인공신경망을 이용한 고장 심각도에 따른 무인기용 유성감속기의 고장진단 연구
박형준(Hyung Jun Park),심진우(Jinwoo Sim),장재원(Jaewon Jang),장경환(Kyung-Hwan Jang),설진운(Jin-Woon Seol),권준용(Jun-Yong Kwon),최주호(Joo-Ho Choi) 한국신뢰성학회 2021 신뢰성응용연구 Vol.21 No.4
Purpose: Gear teeth in the rotary geared actuator of the unmanned aerial vehicle, experience crack propagation because of its harsh operating conditions. To prevent the failure of catastrophic events, this study proposes a diagnostic approach for various gear crack levels based on the built-in and add-on sensor signal. Methods: A downsized planetary gearbox test rig was prepared, in which the motor position, current, and vibration signals were acquired for the normal and 4 different crack-induced states. Signals were filtered around the region of resonance frequencies by spectral kurtosis and the features for the health state were extracted. Then, feature selection was conducted based on the correlation with fault levels. Finally, the Artificial Neural Network (ANN) model was constructed to identify different fault sizes of the cracks, and K-fold validation was adopted to optimize the parameters of the ANN model.
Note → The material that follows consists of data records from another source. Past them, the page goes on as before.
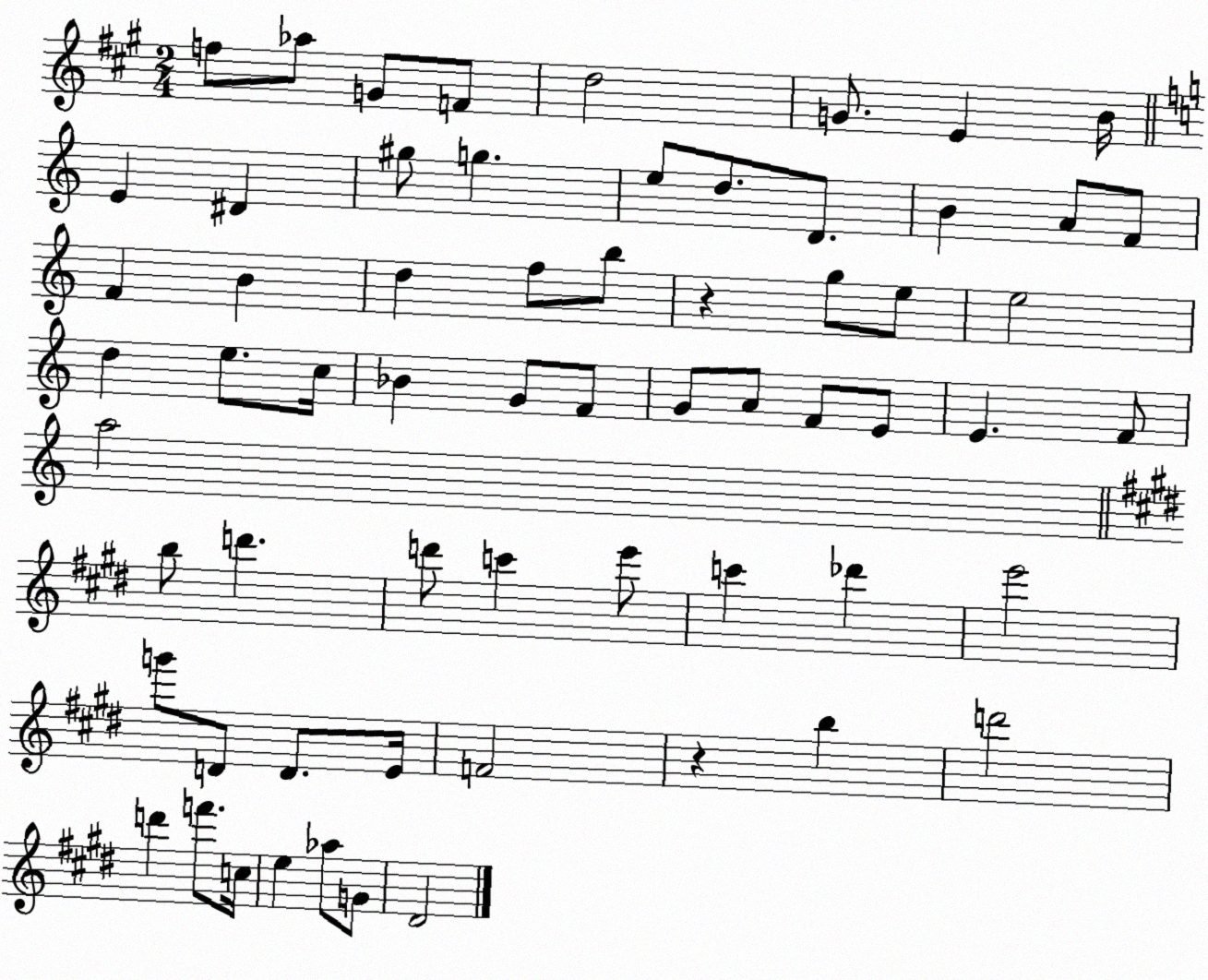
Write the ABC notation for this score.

X:1
T:Untitled
M:2/4
L:1/4
K:A
f/2 _a/2 G/2 F/2 d2 G/2 E B/4 E ^D ^g/2 g e/2 d/2 D/2 B A/2 F/2 F B d f/2 b/2 z g/2 e/2 e2 d e/2 c/4 _B G/2 F/2 G/2 A/2 F/2 E/2 E F/2 a2 b/2 d' d'/2 c' e'/2 c' _d' e'2 g'/2 D/2 D/2 E/4 F2 z b d'2 d' f'/2 c/4 e _a/2 G/2 ^D2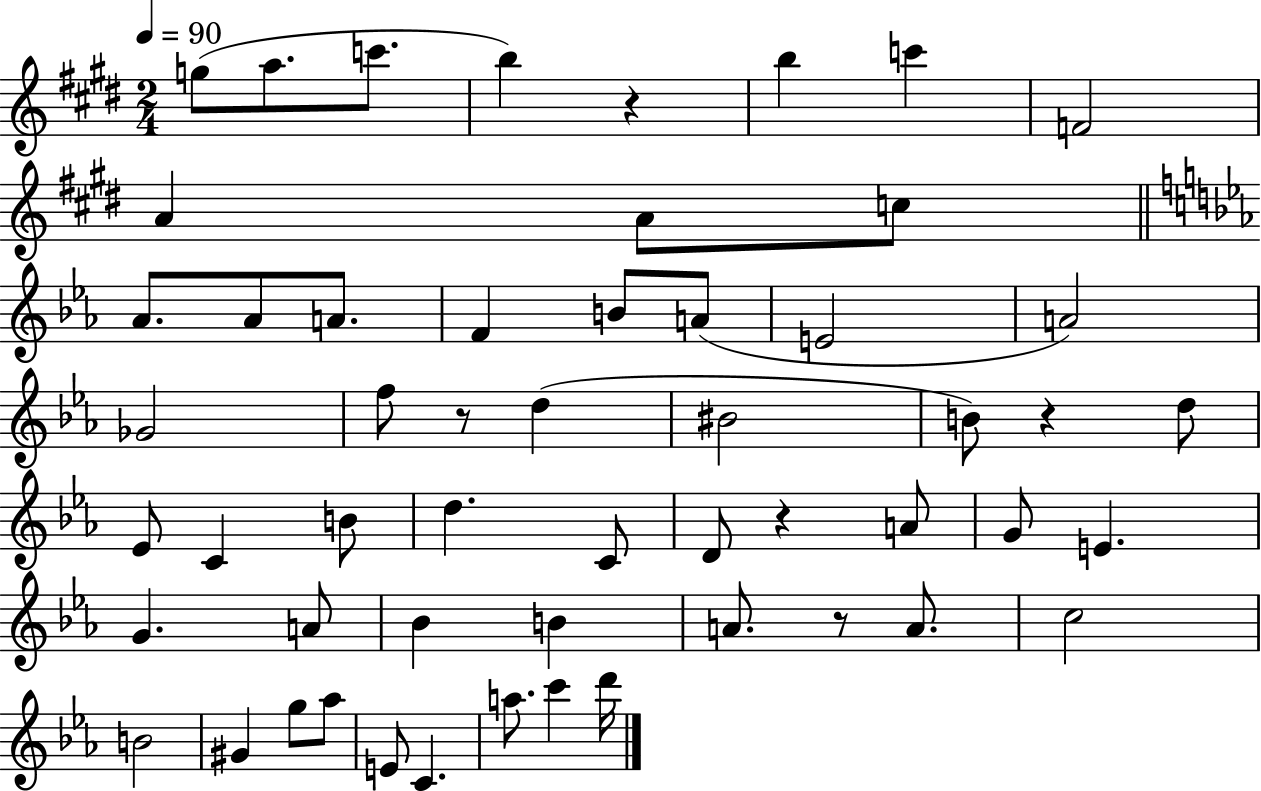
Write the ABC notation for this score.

X:1
T:Untitled
M:2/4
L:1/4
K:E
g/2 a/2 c'/2 b z b c' F2 A A/2 c/2 _A/2 _A/2 A/2 F B/2 A/2 E2 A2 _G2 f/2 z/2 d ^B2 B/2 z d/2 _E/2 C B/2 d C/2 D/2 z A/2 G/2 E G A/2 _B B A/2 z/2 A/2 c2 B2 ^G g/2 _a/2 E/2 C a/2 c' d'/4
Results: Among the various signals, the vibration from the add-on sensor and a position from the built-in sensor exhibited high performance compared to the current signal. The features after band-pass filtering yielded a high correlation with fault severity. Conclusion: The proposed method successfully diagnosed different fault severities of gear cracks in the planetary gearbox by using both the built-in and add-on signals.